Weekly Market Review

for January 29th 2024

The content of this Newsletter is to provide you with Economic insights to assist you in making better decisions with your investments. Unlike many other financial periodicals we will not mention specific companies, unless it is relevant to an overall economic issue. We welcome your questions on economic concerns and will address in our newsletter. just email us at info@optfinancialstrategies.com #FinancialAdvisor,#investmentmanagement  #wealthmanagement  #financialplanning  #retirementplanning  #401kplans

Week In Review

All four of the Major indices ended the week in positive territory wit the Russell 2000 returning +1.75% followed by the S&P 500 +1.06 the NSADAQ +0.94% and the DOW +0.65%. Three of the indices rose for a third consecutive week as the first reading of Q4 economic growth came in stronger than expected and some earnings topped expectations.

The S&P index ended Friday's session at 4,890.97, up from the previous week's closing level of 4,839.81, which was a record at the time. The index continued to reach new closing highs each day this week through Thursday, when it closed at 4,894.16. It set a fresh intraday high on Friday at 4,906.69 but ended just below Thursday's record close. The market benchmark is now up 2.5% for the month.


US real gross domestic product rose at an annual rate of 3.3% in Q4, according to an advance estimate by the Bureau of Economic Analysis. The consensus was for a 2% gain in a survey compiled by Bloomberg. In the third quarter, real GDP grew 4.9%. The GDP report came as a number of quarterly earnings reports have surpassed expectations. Companies that posted stronger-than-expected financial results this week included Visa (V), International Business Machines (IBM), Johnson & Johnson (JNJ) and American Airlines (AAL). Its safe to say that the economy is strong and this will be


Treasury yields were mixed last week as short-term Treasury yields fell slightly and long-term Treasury yields rose moderately, causing the yield curve to become slightly less inverted.
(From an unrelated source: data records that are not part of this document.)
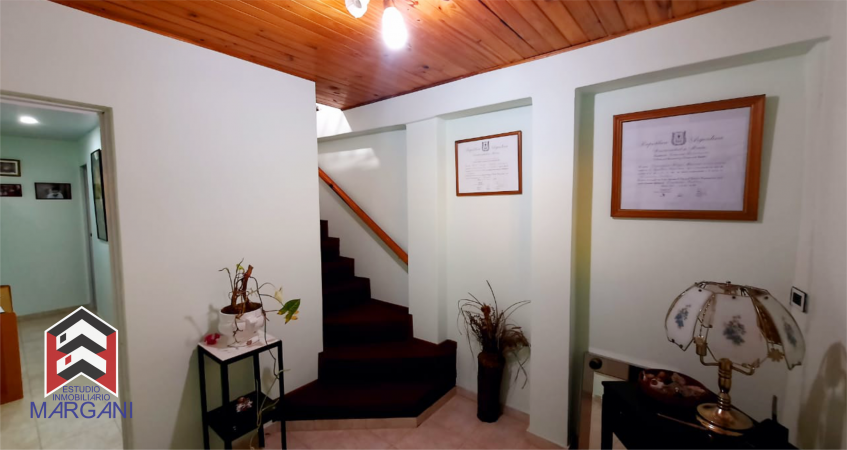 Excelente CHALET 4 AMB c/ 2 Garage + Patio / Jardin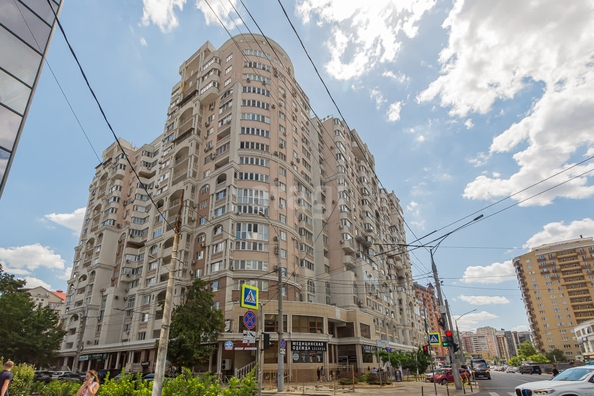 
   Продам 1-комнатную, 45.2 м², Кубанская Набережная ул, 64

. Фото 23.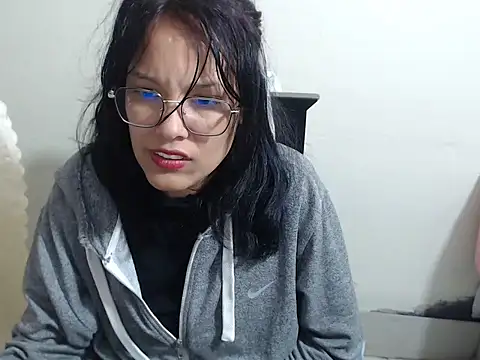 home vlak online show from 10/06/25, 04:48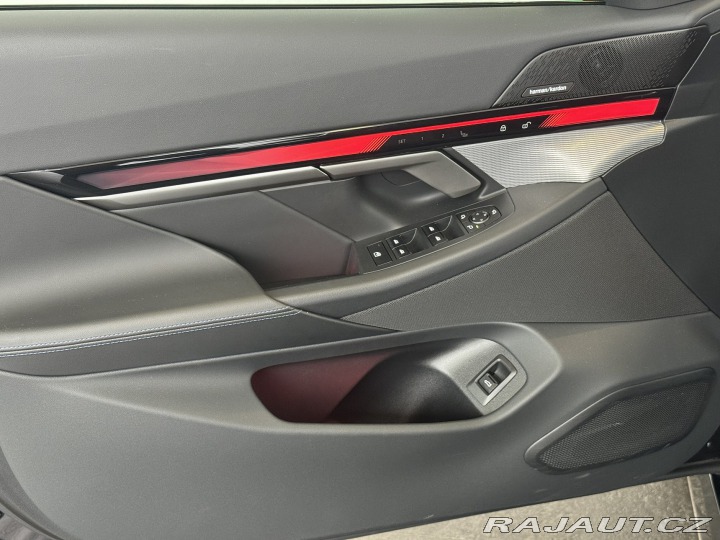 BMW i5 xDrive40 Touring 2024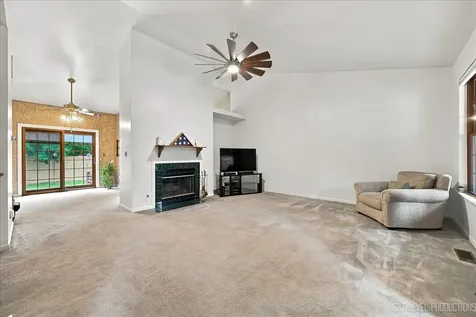 473 Barnaby Drive Oswego IL 60543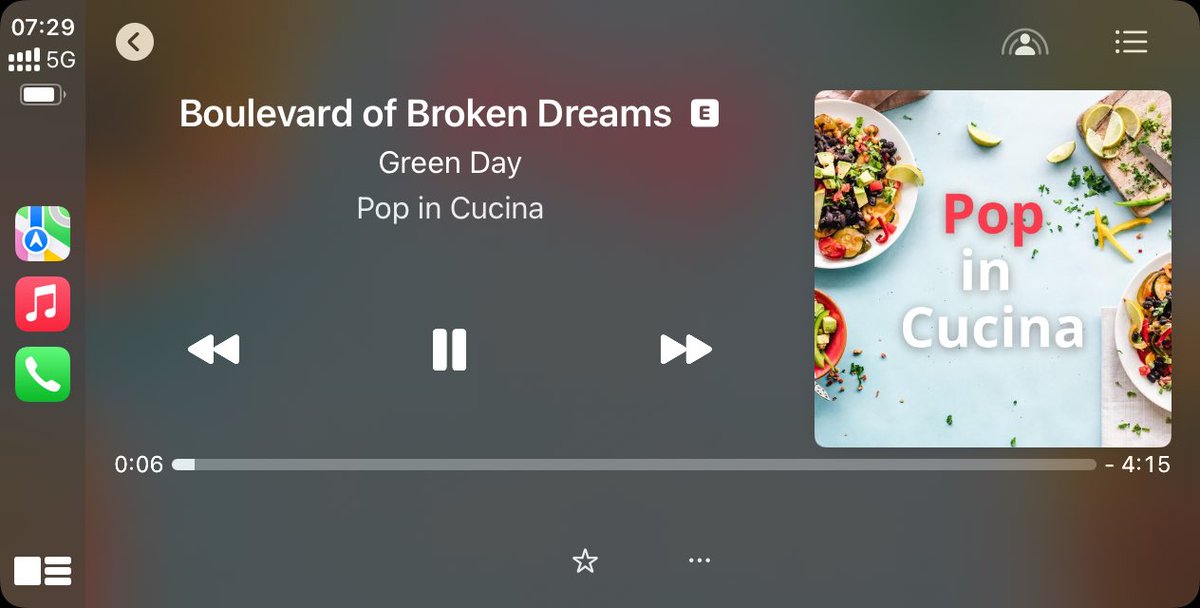 When you’ve impeccably executed the 47 layers of your entremet and start feeling confident that you’re about to pour a perfect flawless unbubbled unrippled glossy shiny mirror glazing. #OpenWindows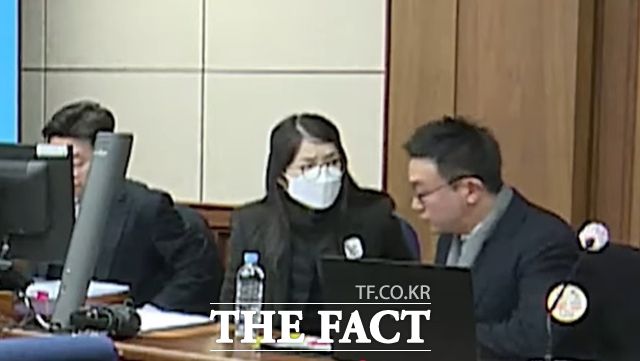 김 씨는 검정색 양복 차림에 뿔테 안경, 흰색 마스크를 착용하고 입정했다. 머리는 풀어 내린 상태였다.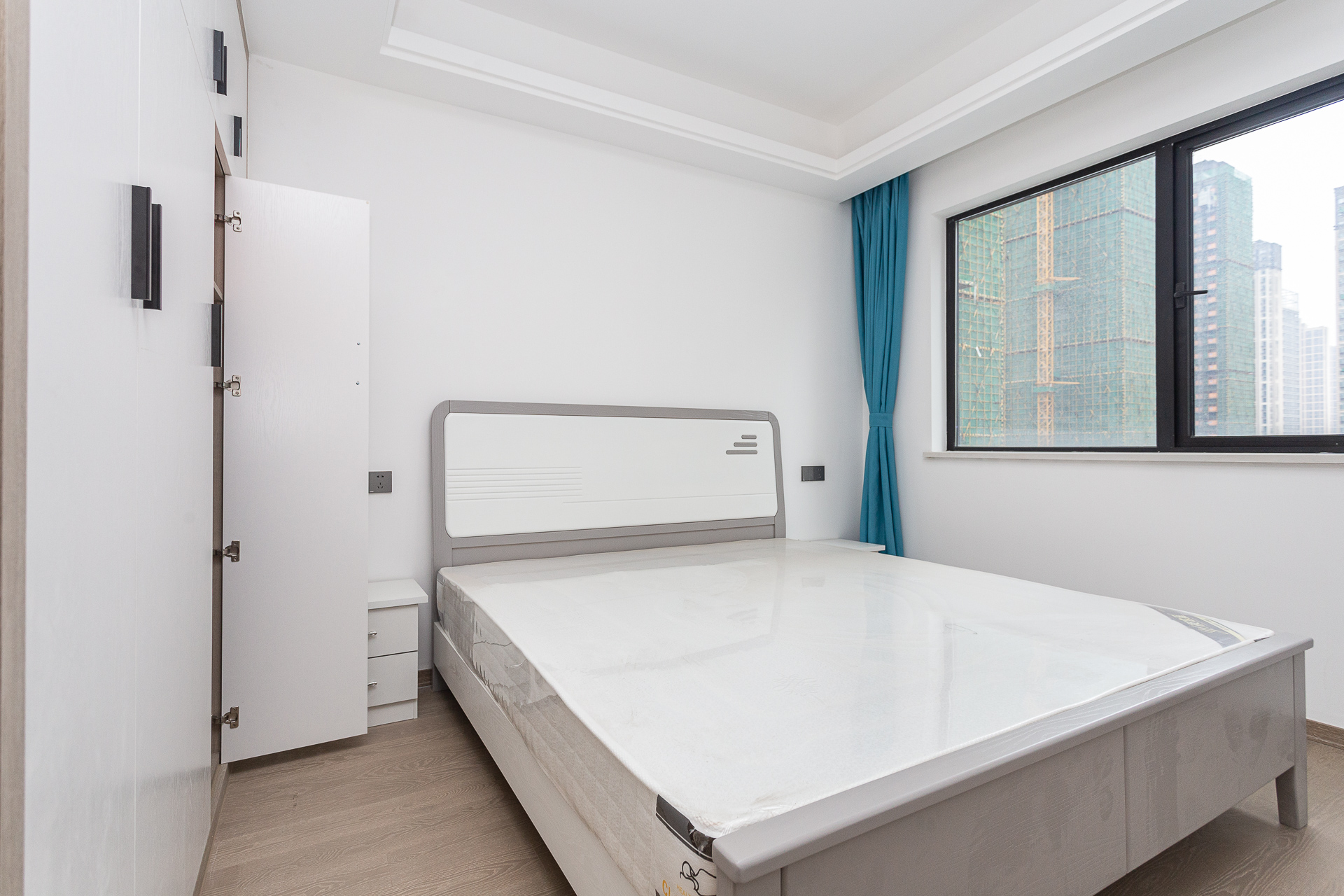 金富湘江悦城  3室2厅1卫    110.0万 金富湘江悦城  3室2厅1卫    110.0万卧室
The 2-Year and 10-Year US Treasury yields ended last week higher at 4.37% and 4.16%, respectively, the highest level since early December, this despite Core PCE printing at its lowest level since March 2021.
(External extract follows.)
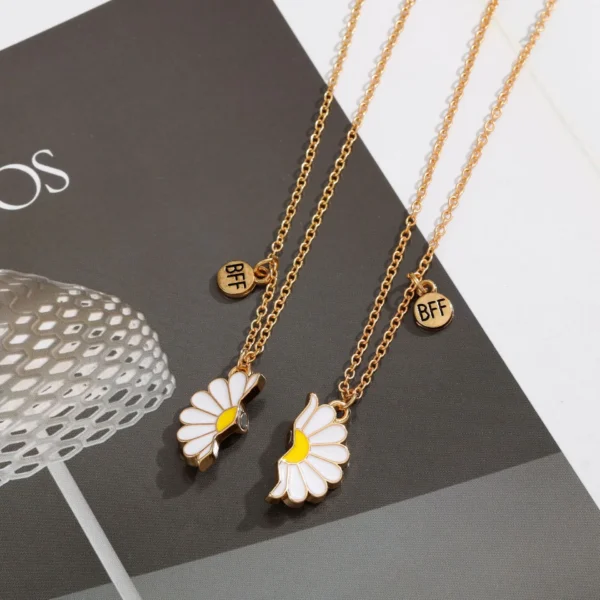 Daisy BFF Matching Necklaces|2Pcs Best Friend Pendant Gift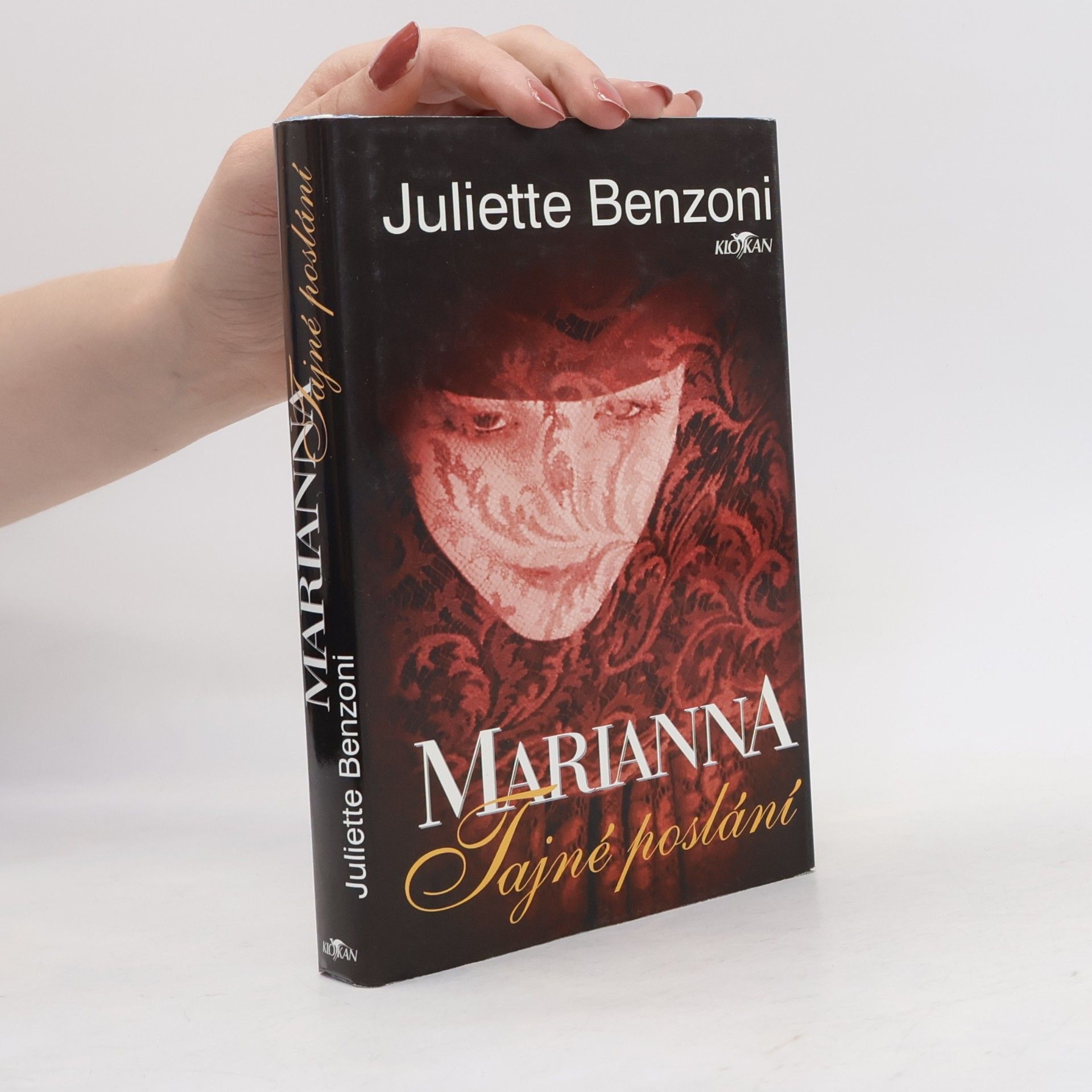 Juliette Benzoni Marianna. Tajné poslání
This reinforced investors that the FOMC would hold rates at current levels well past the March meeting Elsewhere, the 10-Year German bund yield fell while UK gilt yields rose, ultimately ending the week at 2.30% and 3.96%, respectively

On Tuesday, the Bank of Japan left rates unchanged while stating that the certainty of achieving projections has increased gradually. On Wednesday, the Bank of Canada also left rates unchanged and signaled that they are finished increasing rates.  Short-term yields dropped moderately on Thursday as the European Central Bank signaled that moves to lower rates in 2024 may be earlier than expected.


The market implied probability of a rate cut by the Federal Reserve Bank during The January 31st meeting stayed unchanged at 3%, and the probability of a cut at the March 20th meeting stayed relatively unchanged at 48%. The market implied Federal Funds Rate at the end of 2024 also stayed relatively unchanged at 3.99%. Oil prices rose 6% over the course of the week on geopolitical tensions.

The energy sector had the largest percentage increase of the week, jumping 5.1%, followed by a 4.5% gain in communication services and a 1.9% rise in financials. Other gainers included technology, industrials, consumer staples, utilities and materials.

The energy sector's climb came as crude oil futures rose. Gainers included Halliburton (HAL), which posted fiscal Q4 adjusted earnings per share above analysts' mean estimate despite revenue that was up from the year-earlier period but slightly missed the Street view. Halliburton's shares rose 10% on the week.

In communication services, shares of Netflix (NFLX) jumped 18%. The streaming entertainment company's Q4 revenue exceeded Wall Street's estimates amid stronger-than-anticipated membership growth and the company said it is entering 2024 with "good momentum."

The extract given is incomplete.